(ACTIVITY):
For each entry, output its words exactly and leave any picture behind.

(SUPPLIED DATA):
------------
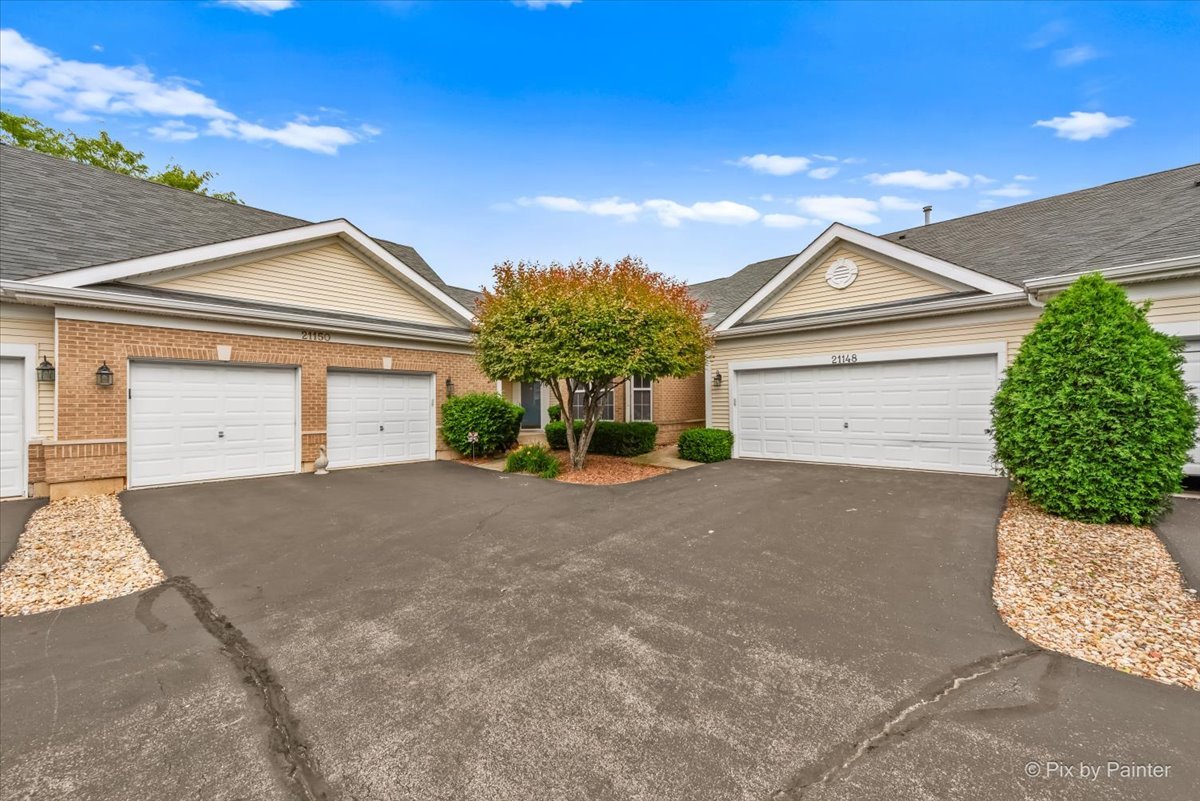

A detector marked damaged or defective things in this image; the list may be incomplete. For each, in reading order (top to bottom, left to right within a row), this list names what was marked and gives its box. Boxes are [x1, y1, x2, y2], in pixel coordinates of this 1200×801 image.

crack in asphalt [138, 575, 336, 801]
crack in asphalt [772, 647, 1046, 796]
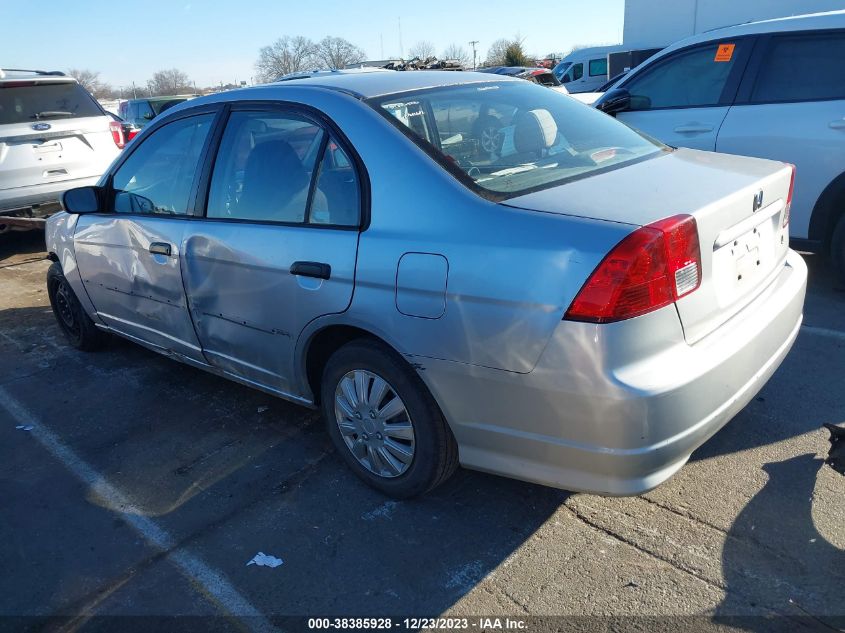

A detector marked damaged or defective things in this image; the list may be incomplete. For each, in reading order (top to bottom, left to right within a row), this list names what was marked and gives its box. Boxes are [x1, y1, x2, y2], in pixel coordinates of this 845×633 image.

damaged silver honda civic [44, 73, 804, 498]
------------
(OUTPUT OF THE TASK):
A detector marked damaged or defective things in this image; the list may be incomplete. For each, in reading order (top to bottom, left to right within a row), this list names what was marked and gives its box. Boxes are [x1, y1, x2, y2], in pixel coordinates of this 1200×801 image.

crack in asphalt [138, 575, 336, 801]
crack in asphalt [772, 647, 1046, 796]

A detector marked damaged or defective things in this image; the list may be incomplete. For each, in reading order (top to bottom, left to right within a row), this list names what was marked and gives its box. Boxes are [x1, y1, x2, y2], in pixel coordinates of this 845×633 image.

damaged silver honda civic [44, 73, 804, 498]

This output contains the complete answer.